Requirement>
The full listing, written out exactly and without images, is the expected result.

Information supplied>
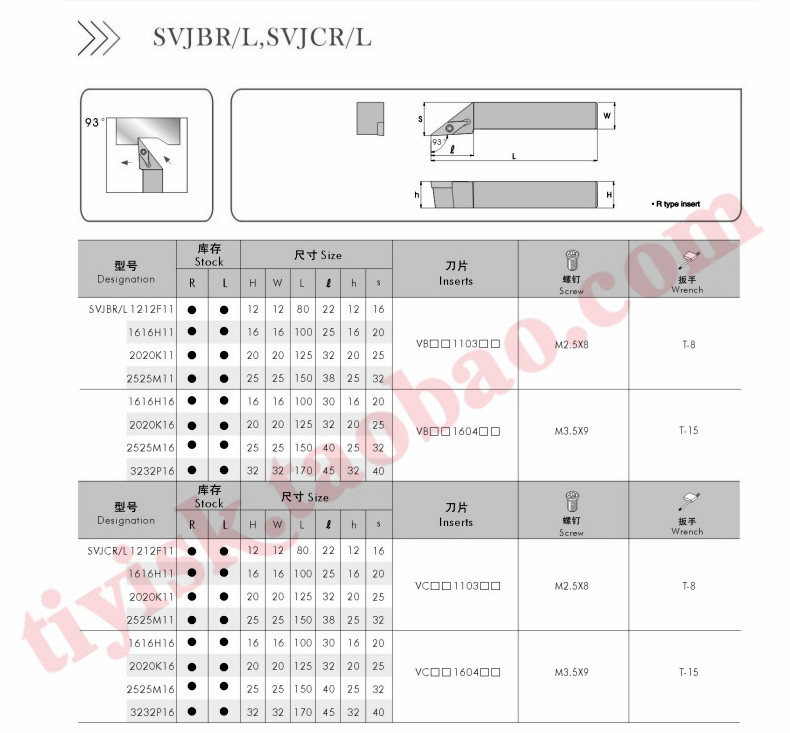 三韩刀杆 93°外园尖刀SVJBR/L1212F11 1616H11 2020K11 2525M11-图1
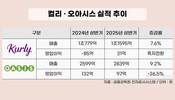 컬리 해외·플랫폼, 오아시스 오프라인·M&A…엇갈린 생존 전략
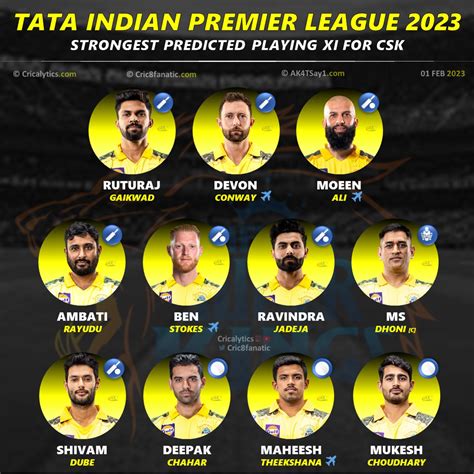ipl  strongest playing  chennai super kings csk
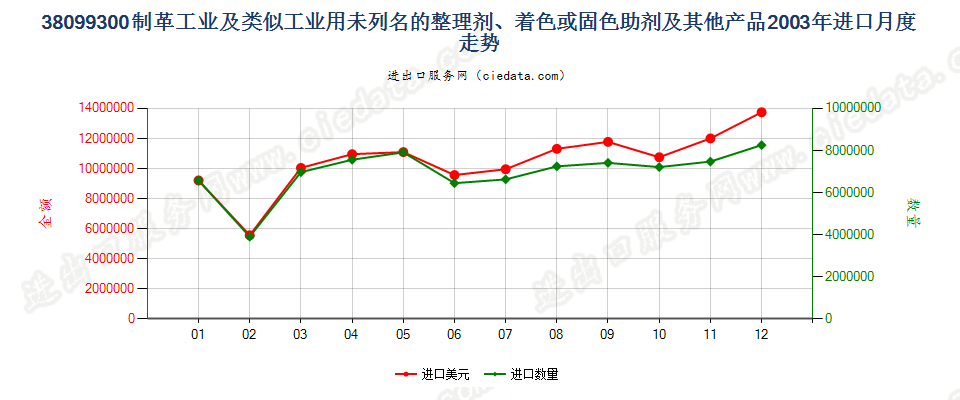 38099300制革等工业用的其他整理剂、助剂等制剂进口2003年月度走势图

Response for this exercise>
 三韩刀杆 93°外园尖刀SVJBR/L1212F11 1616H11 2020K11 2525M11-图1
 컬리 해외·플랫폼, 오아시스 오프라인·M&A…엇갈린 생존 전략
ipl  strongest playing  chennai super kings csk
 38099300制革等工业用的其他整理剂、助剂等制剂进口2003年月度走势图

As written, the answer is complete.